Because the right to life is the ground of all other rights, efforts to seek or pursue the 'common good' while denying or undermining the right to life are fundamentally fraudulent:

It is impossible to further the common good without acknowledging and defending the right to life, upon which all the other inalienable rights of individuals are founded and from which they develop. A society lacks solid foundations when, on the one hand, it asserts values such as the dignity of the person, justice and peace, but then, on the other hand, radically acts to the contrary by allowing or tolerating a variety of ways in which human life is devalued and violated, especially where it is weak or marginalized. Only respect for life can be the foundation and guarantee of the most precious and essential goods of society, such as democracy and peace. (EV 101)

Again, from John Paul II's Apostolic Exhortation Christifideles Laici (The Lay Faithful):

The inviolability of the person which is a reflection of the absolute inviolability of God, finds its primary and fundamental expression in the inviolability of human life. Above all, the common outcry, which is justly made on behalf of human rights — for example, the right to health, to home, to work, to family, to culture — is false and illusory if the right to life, the most basic and fundamental right and the condition for all other personal rights, is not defended with maximum determination. (CL 38)

The US bishops pastoral statement Faithful Citizenship concurs:

There are some things we must never do, as individuals or as a society … A prime example is the intentional taking of innocent human life, as in abortion and euthanasia. In our nation, 'abortion and euthanasia have become preeminent threats to human dignity because they directly attack life itself, the most fundamental human good and the condition for all others' (Living the Gospel of Life, no. 5). It is a mistake with grave consequences to treat the destruction of innocent human life merely as a matter of individual choice.
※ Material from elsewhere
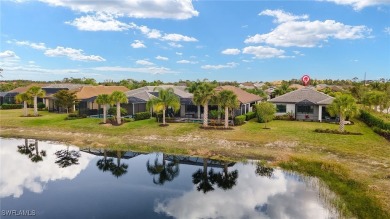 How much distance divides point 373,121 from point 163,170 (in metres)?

A legal system that violates the basic right to life on the grounds of choice is fundamentally flawed. (FC 22)

Faithful Citizenship concludes: 'The direct and intentional destruction of human life from the moment of conception until natural death is always wrong and is not just one issue among many. It must always be opposed' (FC 28).

It is not enough, then, to hold that abortion and euthanasia are intrinsic evils. Catholics must also regard laws legitimizing them as intrinsic evils antithetical to the foundational principles of civil society and law. A culture in which intrinsically evil acts attacking life itself are claimed as basic human freedoms — a legal system in which such acts are protected (and even funded) as basic human rights — is corrupted and poisoned at the very root. It is a society 'without foundations,' a house built on sand. Such a society can only represent a culture of death.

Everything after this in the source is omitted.